Geology majors Antonio Conde, Alexa Harrison, Nick Schrecongost, Dylan Philippart, Abdullah Zulfiqar and Hans Voll traveled with professors Elizabeth McClellan and Skip Watts to the annual gathering at which they presented poster presentations of their research.
The research topics were:
- Boy Scouts Rock: Updating and Digitizing Legacy Geologic Information for the Blue Ridge Scout Reservation, Antonio Conde
- The Use Of Unmanned Aerial Systems for Digital Topographic and Thermal Modeling of Mountain Lake Virginia, Abdullah Zulfiqar
- Leveraging Gigapan Imaging Technology for Helping Introductory-Level Geology Lab Classes for Understanding Glacial Processes and Global Climate Change, Dylan Philippart
- An Investigation of Thermal Conductivities for Several Different Soil Types in Southwest Virginia, Hans Voll
- Eruptive Sequence and Processes in a Neoproterozoic Intracontinental Rift: The Mount Rogers Formation, Southwest Virginia, Alexa Harrison
- Bracketing the Age of Neoproterozoic Glaciation in the Virginia Blue Ridge, Nick Schrecongost
At the conference, Harrison was awarded the Sigma Gamma Epsilon (SGE) Best Undergraduate Studies Poster for her research on the petrographic characteristics of the Bearpen rhyolite of Mount Rogers in Southwest Virginia.

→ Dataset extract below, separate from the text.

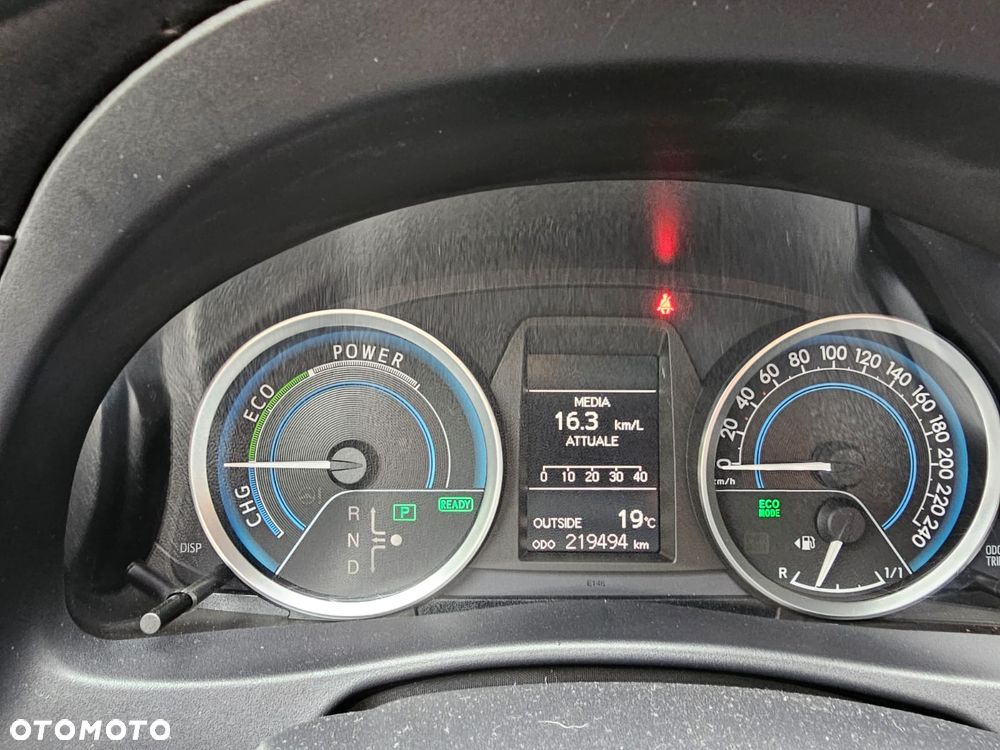 Toyota Auris - 23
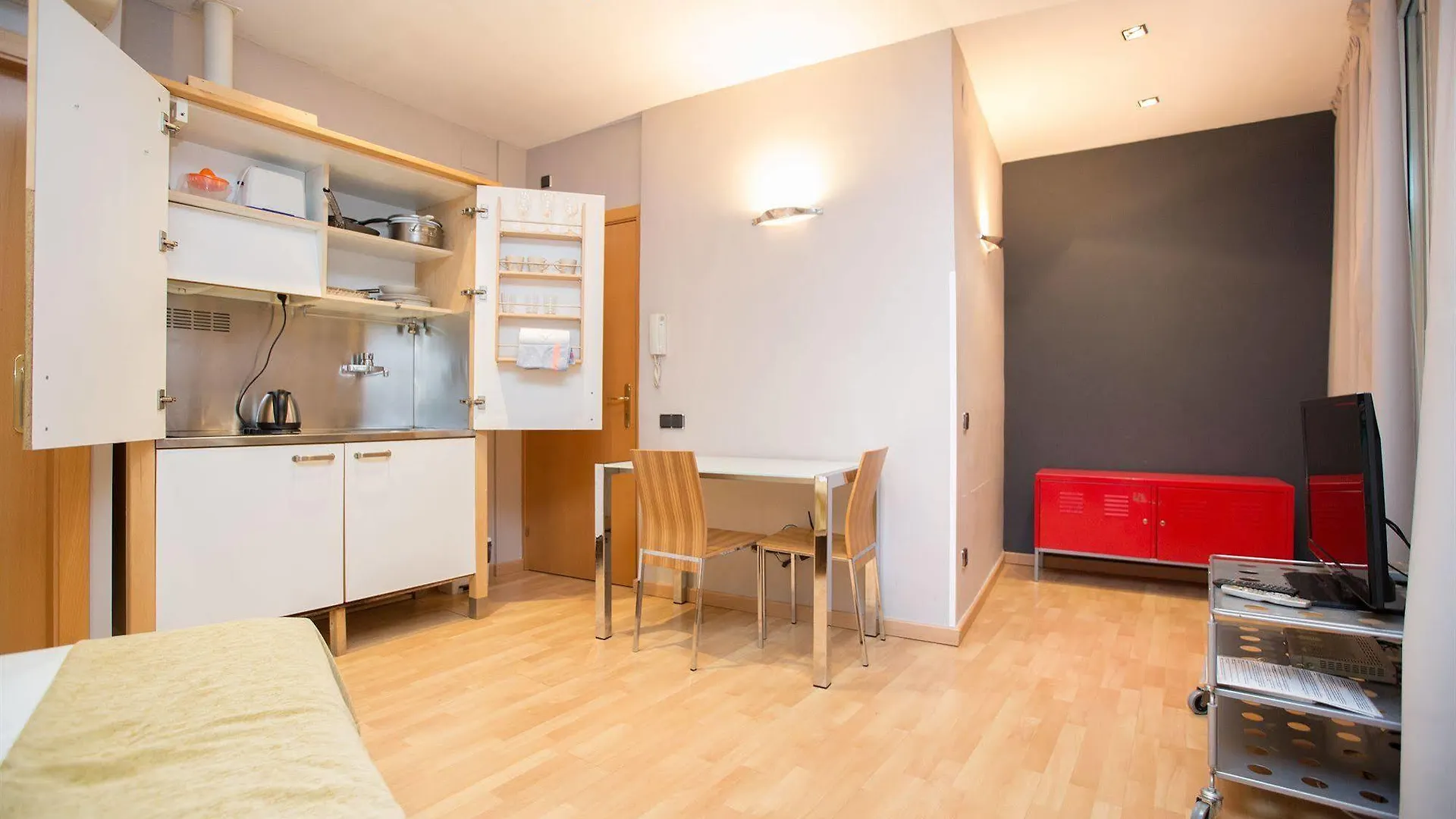ברצלונה Ainb Born Tiradors Apartments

Schrecongost, who did fieldwork with Harrison and co-authored her research poster, was also honored.
The Geological Society of America (GSA) is one of the premier geoscience organizations in the world. The organization has a large international division as well as six sections across the United States and Canada. More than 7,000 attendees, representing 48 different countries, participated in the September conference.
Students in Radford's Department of Geology have regularly presented research at the GSA Southeastern Section meetings held in the spring. The past two years, they've also had a big presence at the annual meeting.
"It is very exciting and important for our students to have these types of experiences," said McClellan, associate professor of geology. "At these events, our students are exposed to individuals with similar interests and scientific pursuits. They exchange ideas and practice their public speaking and interpersonal skills. Most important, they leave more inspired, knowledgeable and confident than when they arrived."
Harrison said she enjoyed networking with representatives from graduate programs and companies she could potentially apply to and work for. The conference left her excited for the future, she said.
"I learned that geology is a much broader field of study than I originally thought, and it has countless career or educational paths to choose from," she said.
Conde said the conference was an "incredible opportunity," one he hopes will help him attain his future goals and aspirations.
"I got to hear from dozens of professionals, grad students and undergrads about their research, goals, experiences and recommendations about the future," he said. "I gained a sense of relief knowing that everyone has the opportunity to take their own path to success."